Required action:
In the entries below, the lines from the one with "3.25x3.25x1.5 Inch 100-Pack" through the one with "From left Tijana" are to be copied exactly; both ends count.

___

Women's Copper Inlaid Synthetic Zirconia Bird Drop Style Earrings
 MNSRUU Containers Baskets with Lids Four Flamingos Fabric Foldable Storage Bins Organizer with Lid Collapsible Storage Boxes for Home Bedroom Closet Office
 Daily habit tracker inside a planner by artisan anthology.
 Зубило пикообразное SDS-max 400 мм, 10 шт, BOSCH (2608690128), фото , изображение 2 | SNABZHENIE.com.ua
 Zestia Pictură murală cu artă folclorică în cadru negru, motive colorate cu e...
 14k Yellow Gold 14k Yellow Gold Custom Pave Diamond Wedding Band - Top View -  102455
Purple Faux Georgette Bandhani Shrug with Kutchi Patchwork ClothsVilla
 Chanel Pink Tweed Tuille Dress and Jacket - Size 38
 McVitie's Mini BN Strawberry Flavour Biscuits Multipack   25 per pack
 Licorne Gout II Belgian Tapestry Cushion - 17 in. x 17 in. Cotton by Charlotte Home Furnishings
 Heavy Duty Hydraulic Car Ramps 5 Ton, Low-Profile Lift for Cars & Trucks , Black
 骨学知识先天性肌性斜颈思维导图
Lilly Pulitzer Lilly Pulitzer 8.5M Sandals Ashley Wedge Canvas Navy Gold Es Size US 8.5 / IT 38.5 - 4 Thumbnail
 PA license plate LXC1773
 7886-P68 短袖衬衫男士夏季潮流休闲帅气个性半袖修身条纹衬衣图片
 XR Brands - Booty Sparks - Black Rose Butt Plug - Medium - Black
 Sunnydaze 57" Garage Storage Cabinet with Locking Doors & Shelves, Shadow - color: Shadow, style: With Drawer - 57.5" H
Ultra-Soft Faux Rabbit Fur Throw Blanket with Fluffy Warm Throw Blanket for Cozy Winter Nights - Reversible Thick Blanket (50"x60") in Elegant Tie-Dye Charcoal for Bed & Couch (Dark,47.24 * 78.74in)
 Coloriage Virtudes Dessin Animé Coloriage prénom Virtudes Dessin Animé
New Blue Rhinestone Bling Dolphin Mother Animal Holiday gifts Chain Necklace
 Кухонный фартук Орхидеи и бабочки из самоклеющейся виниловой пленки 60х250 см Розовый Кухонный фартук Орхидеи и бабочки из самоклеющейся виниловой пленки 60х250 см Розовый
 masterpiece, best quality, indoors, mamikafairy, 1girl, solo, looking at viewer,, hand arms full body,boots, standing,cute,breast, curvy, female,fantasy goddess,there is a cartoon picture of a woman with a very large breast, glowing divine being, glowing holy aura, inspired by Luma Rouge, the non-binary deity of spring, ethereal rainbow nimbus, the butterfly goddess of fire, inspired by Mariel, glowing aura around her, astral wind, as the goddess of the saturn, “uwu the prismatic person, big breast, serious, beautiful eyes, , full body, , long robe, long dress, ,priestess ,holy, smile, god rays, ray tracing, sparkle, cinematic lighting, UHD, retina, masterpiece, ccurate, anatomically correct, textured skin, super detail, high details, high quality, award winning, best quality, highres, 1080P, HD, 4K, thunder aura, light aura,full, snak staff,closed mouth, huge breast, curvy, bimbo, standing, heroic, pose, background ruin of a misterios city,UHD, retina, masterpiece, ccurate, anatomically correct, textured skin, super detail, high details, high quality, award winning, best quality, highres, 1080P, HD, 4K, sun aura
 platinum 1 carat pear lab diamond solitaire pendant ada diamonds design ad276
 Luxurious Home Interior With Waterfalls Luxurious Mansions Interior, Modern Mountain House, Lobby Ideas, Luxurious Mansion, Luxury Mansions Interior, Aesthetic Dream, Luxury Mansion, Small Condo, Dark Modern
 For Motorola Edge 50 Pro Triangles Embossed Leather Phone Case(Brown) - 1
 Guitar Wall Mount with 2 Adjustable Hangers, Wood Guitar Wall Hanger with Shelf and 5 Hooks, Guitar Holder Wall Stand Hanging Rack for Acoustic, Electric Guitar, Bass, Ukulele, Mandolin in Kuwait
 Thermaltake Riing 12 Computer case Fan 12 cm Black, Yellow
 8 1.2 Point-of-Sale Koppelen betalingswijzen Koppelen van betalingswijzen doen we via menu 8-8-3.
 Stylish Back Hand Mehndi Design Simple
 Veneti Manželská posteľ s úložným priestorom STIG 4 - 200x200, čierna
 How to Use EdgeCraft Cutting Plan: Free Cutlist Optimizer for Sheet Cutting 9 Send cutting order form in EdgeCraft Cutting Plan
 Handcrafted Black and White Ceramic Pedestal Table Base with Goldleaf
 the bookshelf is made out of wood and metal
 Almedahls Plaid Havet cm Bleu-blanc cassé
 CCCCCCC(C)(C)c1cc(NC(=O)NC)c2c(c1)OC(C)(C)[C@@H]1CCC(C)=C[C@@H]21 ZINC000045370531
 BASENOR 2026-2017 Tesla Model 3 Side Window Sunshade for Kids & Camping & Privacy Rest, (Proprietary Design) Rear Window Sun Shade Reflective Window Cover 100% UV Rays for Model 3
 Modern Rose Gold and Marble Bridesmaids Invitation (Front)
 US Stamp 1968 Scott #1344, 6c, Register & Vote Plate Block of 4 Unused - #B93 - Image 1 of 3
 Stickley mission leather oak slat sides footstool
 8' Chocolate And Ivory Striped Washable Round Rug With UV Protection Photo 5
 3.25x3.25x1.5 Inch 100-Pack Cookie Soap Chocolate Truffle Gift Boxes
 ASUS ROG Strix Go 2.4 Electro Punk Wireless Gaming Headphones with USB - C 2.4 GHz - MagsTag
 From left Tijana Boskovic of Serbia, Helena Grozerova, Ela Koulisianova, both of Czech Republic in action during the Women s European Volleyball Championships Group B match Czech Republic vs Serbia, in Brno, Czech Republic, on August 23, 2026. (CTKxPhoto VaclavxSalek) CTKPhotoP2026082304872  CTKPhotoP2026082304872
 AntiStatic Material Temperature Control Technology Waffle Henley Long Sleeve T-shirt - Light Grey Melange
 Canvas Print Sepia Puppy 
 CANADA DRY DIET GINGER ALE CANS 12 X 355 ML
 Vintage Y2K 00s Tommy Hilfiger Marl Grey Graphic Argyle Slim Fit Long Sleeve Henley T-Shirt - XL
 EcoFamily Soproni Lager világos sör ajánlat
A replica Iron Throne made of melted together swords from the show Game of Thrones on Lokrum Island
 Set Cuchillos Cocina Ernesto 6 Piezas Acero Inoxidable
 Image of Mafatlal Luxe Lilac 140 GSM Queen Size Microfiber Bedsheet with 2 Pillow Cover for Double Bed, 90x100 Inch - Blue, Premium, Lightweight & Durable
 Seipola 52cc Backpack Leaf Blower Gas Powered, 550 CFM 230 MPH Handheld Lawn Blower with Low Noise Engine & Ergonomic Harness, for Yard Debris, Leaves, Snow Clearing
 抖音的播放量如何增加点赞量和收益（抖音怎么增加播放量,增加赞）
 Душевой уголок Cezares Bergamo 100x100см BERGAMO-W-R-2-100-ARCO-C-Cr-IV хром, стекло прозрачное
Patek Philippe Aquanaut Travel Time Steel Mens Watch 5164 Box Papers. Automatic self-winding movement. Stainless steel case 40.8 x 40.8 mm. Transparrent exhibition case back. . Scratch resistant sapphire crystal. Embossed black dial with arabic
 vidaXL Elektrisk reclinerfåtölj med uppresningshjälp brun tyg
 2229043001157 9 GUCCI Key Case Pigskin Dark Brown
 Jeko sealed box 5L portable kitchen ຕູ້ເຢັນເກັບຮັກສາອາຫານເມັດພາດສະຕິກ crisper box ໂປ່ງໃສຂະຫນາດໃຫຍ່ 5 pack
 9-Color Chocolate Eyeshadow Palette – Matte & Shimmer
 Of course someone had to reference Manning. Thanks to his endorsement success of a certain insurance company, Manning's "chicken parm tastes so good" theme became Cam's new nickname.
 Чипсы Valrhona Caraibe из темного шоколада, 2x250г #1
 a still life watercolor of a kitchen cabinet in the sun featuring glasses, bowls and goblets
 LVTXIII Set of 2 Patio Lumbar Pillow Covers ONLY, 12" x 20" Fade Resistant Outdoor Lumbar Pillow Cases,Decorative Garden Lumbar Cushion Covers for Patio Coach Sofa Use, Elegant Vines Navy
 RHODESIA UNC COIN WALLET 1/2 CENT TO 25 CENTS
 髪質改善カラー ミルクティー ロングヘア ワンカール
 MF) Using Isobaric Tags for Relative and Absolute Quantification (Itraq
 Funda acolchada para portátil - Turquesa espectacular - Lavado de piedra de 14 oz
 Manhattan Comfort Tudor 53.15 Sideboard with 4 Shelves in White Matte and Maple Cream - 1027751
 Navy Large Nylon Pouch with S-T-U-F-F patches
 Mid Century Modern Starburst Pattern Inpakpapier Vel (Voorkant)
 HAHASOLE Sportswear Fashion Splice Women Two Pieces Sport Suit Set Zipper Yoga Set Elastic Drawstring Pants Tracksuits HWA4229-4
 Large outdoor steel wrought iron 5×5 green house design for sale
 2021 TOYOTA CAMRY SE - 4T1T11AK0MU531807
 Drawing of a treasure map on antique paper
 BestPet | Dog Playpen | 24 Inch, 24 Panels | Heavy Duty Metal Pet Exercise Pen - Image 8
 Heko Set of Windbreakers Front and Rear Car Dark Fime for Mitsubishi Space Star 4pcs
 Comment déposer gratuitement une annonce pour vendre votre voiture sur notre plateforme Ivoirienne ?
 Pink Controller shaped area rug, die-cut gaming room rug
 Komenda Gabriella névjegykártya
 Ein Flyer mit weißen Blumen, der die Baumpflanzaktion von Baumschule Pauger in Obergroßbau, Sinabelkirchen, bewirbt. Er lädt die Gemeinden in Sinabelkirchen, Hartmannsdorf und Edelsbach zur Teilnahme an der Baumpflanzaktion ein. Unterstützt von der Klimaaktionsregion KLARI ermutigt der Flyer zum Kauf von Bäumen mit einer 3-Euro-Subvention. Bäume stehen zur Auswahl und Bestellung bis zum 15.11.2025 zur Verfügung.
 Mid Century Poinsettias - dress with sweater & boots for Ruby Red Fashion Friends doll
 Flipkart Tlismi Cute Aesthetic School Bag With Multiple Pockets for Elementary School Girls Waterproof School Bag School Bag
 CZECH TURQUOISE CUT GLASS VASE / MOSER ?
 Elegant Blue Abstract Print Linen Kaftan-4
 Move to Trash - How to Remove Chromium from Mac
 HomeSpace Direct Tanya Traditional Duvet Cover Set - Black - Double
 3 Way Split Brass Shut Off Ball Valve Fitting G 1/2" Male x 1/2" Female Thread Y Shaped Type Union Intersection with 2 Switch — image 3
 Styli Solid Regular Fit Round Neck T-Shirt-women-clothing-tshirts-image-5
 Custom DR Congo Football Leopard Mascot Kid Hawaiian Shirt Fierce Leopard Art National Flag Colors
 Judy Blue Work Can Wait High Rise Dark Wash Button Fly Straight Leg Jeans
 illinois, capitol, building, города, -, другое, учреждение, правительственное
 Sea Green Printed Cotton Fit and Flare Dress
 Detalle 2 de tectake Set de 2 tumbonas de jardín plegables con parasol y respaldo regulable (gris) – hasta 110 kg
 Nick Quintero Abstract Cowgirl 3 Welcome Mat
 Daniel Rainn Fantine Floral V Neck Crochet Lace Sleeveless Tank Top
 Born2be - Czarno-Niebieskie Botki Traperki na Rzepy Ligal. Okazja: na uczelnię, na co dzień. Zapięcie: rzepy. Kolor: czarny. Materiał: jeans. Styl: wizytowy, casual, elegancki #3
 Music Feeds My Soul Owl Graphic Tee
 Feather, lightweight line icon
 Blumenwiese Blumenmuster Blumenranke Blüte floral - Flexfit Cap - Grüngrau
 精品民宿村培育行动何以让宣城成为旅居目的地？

___

Solution to the exercise:
 3.25x3.25x1.5 Inch 100-Pack Cookie Soap Chocolate Truffle Gift Boxes
 ASUS ROG Strix Go 2.4 Electro Punk Wireless Gaming Headphones with USB - C 2.4 GHz - MagsTag
 From left Tijana Boskovic of Serbia, Helena Grozerova, Ela Koulisianova, both of Czech Republic in action during the Women s European Volleyball Championships Group B match Czech Republic vs Serbia, in Brno, Czech Republic, on August 23, 2026. (CTKxPhoto VaclavxSalek) CTKPhotoP2026082304872  CTKPhotoP2026082304872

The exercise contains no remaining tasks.